George Dublin

Personal information
- Full name: George Dublin
- Date of birth: 11 February 1977 (age 49)
- Place of birth: Antigua and Barbuda
- Position: Defender

Team information
- Current team: Montserrat (assistant coach)

Senior career*
- Years: Team / Apps / (Gls)
- 1997–2002: Hoppers FC
- 2002–2006: Joe Public
- 2006–2007: Hoppers
- 2007–2008: Tobago United
- 2007–2008: → Hoppers (loan)
- 2008–2011: Hoppers
- 2011–2013: Antigua Barracuda FC / 41 / (1)
- 2018–20??: Hoppers

International career^{‡}
- 2000–2012: Antigua and Barbuda / 66 / (4)

= George Dublin =

Antiguan footballer

George Dublin (born 11 February 1977) is an Antiguan footballer who is currently assistant coach of the Montserrat national football team.

==Club career==
Dublin began his career in his native Antigua and Barbuda with Hoppers FC, before moving to Trinidad and Tobago with Joe Public. He was part of the Joe Public side which won the TT Pro League title in 2006. He moved to Tobago United in 2007, but spent just one season there before returning to Antigua to play for Hoppers in the Antigua and Barbuda Premier Division.

In 2011, Dublin transferred to the new Antigua Barracuda FC team prior to its first season in the USL Professional Division. He made his debut for the Barracudas on April 17, 2011, in the team's first competitive game, a 2–1 loss to the Los Angeles Blues. He captained the team.

As of 2018, he had returned to Hoppers.

==International career==
Nicknamed Sowa, Dublin made his debut for Antigua and Barbuda in an April 2000 FIFA World Cup qualification match against Bermuda and has earned over 30 caps since. He played in 9 World Cup qualification games, and was part of the Antigua squad which took part in the final stages of the 2010 Caribbean Championship.

===National team statistics===

Antigua and Barbuda national team
| Year | Apps | Goals |
| 2000 | 4 | 0 |
| 2001 | 0 | 0 |
| 2002 | 0 | 0 |
| 2003 | 3 | 0 |
| 2004 | 5 | 1 |
| 2005 | 1 | 0 |
| 2006 | 7 | 0 |
| 2007 | 1 | 0 |
| 2008 | 11 | 1 |
| 2009 | 2 | 0 |
| 2010 | 2 | 0 |
| 2011 | 10 | 2 |
| 2012 | 13 | 0 |
| Total | 67 | 4 |

===International goals===
Scores and results list Antigua and Barbuda's goal tally first.
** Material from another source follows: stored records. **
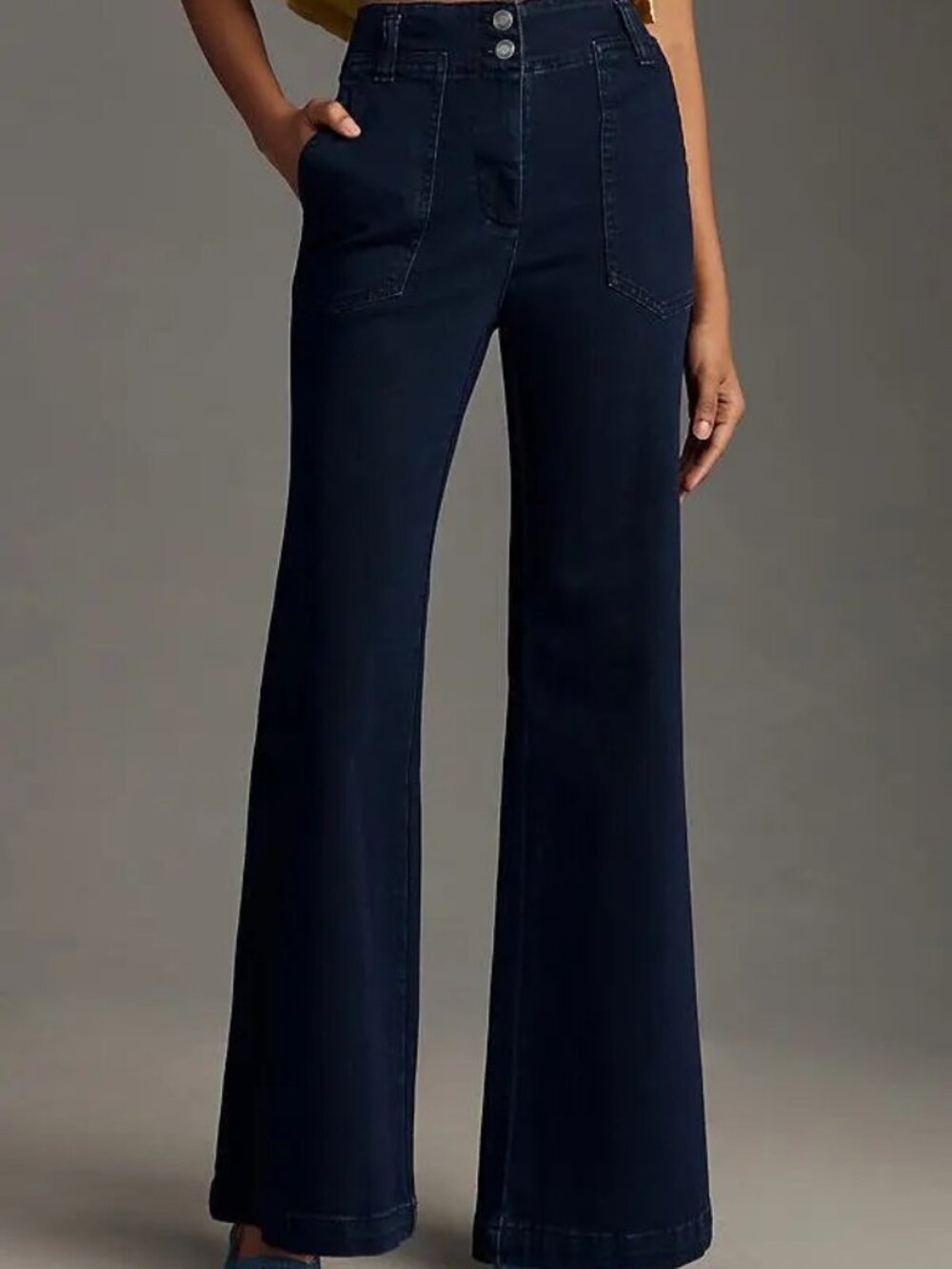 Maeve Anthropologie The Naomi High Rise Wide Leg Flare Jeans Dark Wash Size 26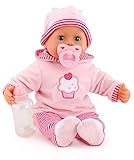 Bayer Design 93816AA Babypuppe First Words mit Schlafaugen, spricht 24 Babylaute, mit Schnuller und Flasche, 38 cm, rosa/S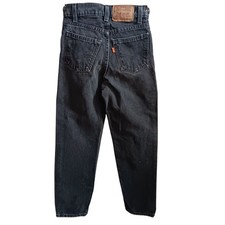 Vintage Boys 24x26 Denim Jeans Slim 11 Levis 550 Relaxed Fit Black Orange Tab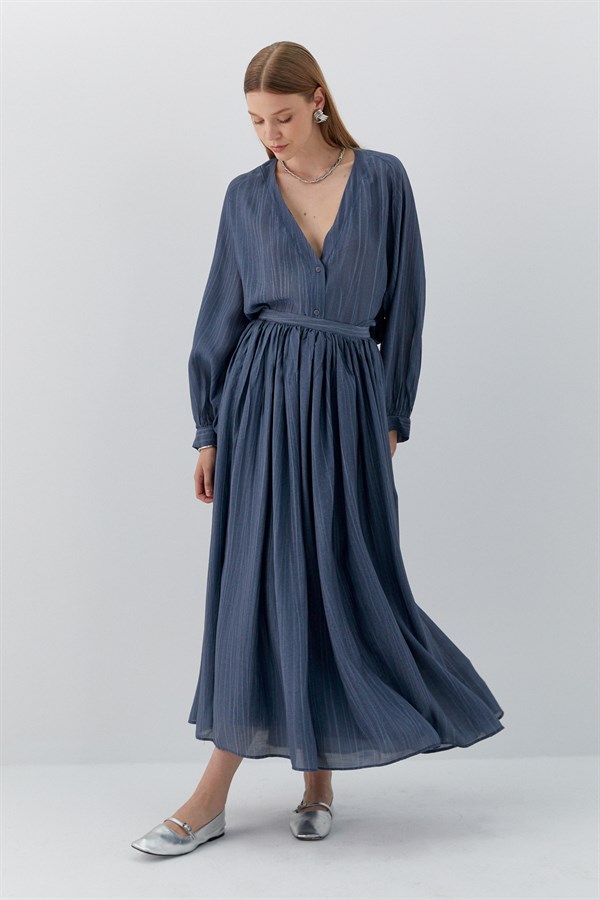 Beli Lastikli Uzun Etek İndigo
| No | Date | Venue | Opponent | Score | Result | Competition |
|---|---|---|---|---|---|---|
| 1. | 6 November 2004 | Warner Park Sporting Complex, Basseterre, Saint Kitts and Nevis | Saint Lucia | 1–2 | 1–2 | 2005 Caribbean Cup qualification |
| 2. | 6 February 2008 | Trinidad Stadium, Oranjestad, Aruba | Aruba | 1–0 | 3–0 | 2010 FIFA World Cup qualification |
| 3. | 28 August 2011 | Antigua Recreation Ground, St. John's, Antigua and Barbuda | United States | 1–1 | 2–2 | Friendly |
| 4. | 6 September 2011 | Paul E. Joseph Stadium, Frederiksted, U.S. Virgin Islands | U.S. Virgin Islands | 5–1 | 8–1 | 2014 FIFA World Cup qualification |

==Coaching==
Dublin holds a level 2 coaching license and established a youth soccer team.